What do the lines from the one containing "Тибетский мастиф резервация" through the end of the entries say? Quote them exactly, and only them.

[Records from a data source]
+++++

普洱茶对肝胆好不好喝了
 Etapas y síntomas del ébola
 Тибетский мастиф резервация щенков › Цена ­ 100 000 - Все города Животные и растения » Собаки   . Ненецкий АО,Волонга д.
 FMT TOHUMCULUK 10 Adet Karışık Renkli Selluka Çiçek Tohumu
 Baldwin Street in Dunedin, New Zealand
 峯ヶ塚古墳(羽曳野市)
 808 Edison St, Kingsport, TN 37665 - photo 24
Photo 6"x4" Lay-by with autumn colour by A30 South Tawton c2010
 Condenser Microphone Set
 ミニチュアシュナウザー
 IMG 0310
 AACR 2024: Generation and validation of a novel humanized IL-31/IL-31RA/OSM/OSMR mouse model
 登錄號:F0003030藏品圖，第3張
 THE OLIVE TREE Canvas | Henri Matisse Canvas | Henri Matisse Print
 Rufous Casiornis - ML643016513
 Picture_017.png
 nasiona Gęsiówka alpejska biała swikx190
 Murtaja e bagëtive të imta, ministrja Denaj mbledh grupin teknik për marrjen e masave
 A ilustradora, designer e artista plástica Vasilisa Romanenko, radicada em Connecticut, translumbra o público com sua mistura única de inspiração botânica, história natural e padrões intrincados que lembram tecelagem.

+++++

* [Solved problem]
 Тибетский мастиф резервация щенков › Цена ­ 100 000 - Все города Животные и растения » Собаки   . Ненецкий АО,Волонга д.
 FMT TOHUMCULUK 10 Adet Karışık Renkli Selluka Çiçek Tohumu
 Baldwin Street in Dunedin, New Zealand
 峯ヶ塚古墳(羽曳野市)
 808 Edison St, Kingsport, TN 37665 - photo 24
Photo 6"x4" Lay-by with autumn colour by A30 South Tawton c2010
 Condenser Microphone Set
 ミニチュアシュナウザー
 IMG 0310
 AACR 2024: Generation and validation of a novel humanized IL-31/IL-31RA/OSM/OSMR mouse model
 登錄號:F0003030藏品圖，第3張
 THE OLIVE TREE Canvas | Henri Matisse Canvas | Henri Matisse Print
 Rufous Casiornis - ML643016513
 Picture_017.png
 nasiona Gęsiówka alpejska biała swikx190
 Murtaja e bagëtive të imta, ministrja Denaj mbledh grupin teknik për marrjen e masave
 A ilustradora, designer e artista plástica Vasilisa Romanenko, radicada em Connecticut, translumbra o público com sua mistura única de inspiração botânica, história natural e padrões intrincados que lembram tecelagem.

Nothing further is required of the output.